Cluster Management

Cluster start/stop

After the StarRocks cluster is deployed, the next step is to start the cluster for servicing. Before that you need to ensure that the configuration file meets the requirements.

FE startup

Before you set up the FE, configure the metadata placement directory (meta_dir) and communication port.

meta_dir: The directory where the FE stores metadata. The directory needs to be created in advance and written in the configuration file. Since the metadata of the FE is the metadata of the whole system, it is recommended not to mix with other processes for deployment.

There are four communication ports configured by the FE:

Port NameDefault PortRole
http_port8030the http server port on the FE
rpc_port9020the thrift server port on FE
query_port9030the mysql server port on FE
edit_log_port9010Port for communication between FE Groups (Master, Follower, Observer)

To start FE:

  1. Go to the deployment directory of the FE process
    • Run sh bin/start_fe.sh --daemon to start the service

FE deploys multiple nodes in order to ensure high availability. Typically, users deploy 3 FEs (1 Master + 2 Follower).

When starting multiple nodes, it is recommended to start the Followers one by one, and then start the Master.

It is recommended to verify the setup of any FE by sending a query.

BE startup

Before set up the BE, configure the data directory (storage_root_path) and communication port.

storage_root_path The directory where the BE stores the storage files. The directory needs to be created in advance. It is recommended to create one directory per disk.

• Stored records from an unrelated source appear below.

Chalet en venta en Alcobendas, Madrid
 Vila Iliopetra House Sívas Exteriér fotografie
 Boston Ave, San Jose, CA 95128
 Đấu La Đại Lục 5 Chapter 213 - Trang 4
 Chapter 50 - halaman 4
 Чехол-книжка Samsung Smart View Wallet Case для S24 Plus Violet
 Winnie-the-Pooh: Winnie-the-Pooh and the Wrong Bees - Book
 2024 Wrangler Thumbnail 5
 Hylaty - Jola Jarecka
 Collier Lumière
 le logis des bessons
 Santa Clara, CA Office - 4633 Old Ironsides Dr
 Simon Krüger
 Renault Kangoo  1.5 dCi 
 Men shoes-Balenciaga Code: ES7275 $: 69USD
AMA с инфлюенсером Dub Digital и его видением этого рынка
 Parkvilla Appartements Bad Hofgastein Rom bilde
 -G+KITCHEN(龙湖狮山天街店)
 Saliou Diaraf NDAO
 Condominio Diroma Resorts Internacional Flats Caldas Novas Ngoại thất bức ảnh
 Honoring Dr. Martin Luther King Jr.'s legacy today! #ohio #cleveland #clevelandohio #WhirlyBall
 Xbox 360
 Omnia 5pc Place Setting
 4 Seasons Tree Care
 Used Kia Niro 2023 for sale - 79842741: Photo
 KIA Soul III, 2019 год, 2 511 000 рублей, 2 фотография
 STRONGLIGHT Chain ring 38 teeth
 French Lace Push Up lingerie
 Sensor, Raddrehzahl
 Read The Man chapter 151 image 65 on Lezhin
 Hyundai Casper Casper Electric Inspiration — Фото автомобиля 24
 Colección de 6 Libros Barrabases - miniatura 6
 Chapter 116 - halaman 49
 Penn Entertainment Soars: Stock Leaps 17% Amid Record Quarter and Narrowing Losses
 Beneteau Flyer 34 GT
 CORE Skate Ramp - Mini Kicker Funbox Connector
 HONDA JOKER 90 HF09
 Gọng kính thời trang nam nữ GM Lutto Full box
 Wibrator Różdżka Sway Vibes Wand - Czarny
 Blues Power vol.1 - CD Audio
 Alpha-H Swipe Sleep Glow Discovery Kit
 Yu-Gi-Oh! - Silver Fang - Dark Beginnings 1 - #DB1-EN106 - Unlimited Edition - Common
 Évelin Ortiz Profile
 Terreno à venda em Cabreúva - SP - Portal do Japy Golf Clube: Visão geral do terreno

There are three communication ports configured by the BE:

Port NameDefault PortRole
be_port9060The thrift server port on BE to receive requests from FE
webserver_port8040The http server port on the BE
heartbeat_service_port9050The heartbeat service (thrift) port on the BE to receive heartbeats from the FE

Confirm cluster health status

After setting up the BE and FE, you need to check the process status to make sure the services are started properly.

  • Run http://be_host:be_http_port3/api/health to confirm the BE status

    • Returns {"status": "OK", "msg": "To Be Added"} indicating normal startup.
  • Run http://fe_host:fe_http_port/api/bootstrap to confirm the FE status.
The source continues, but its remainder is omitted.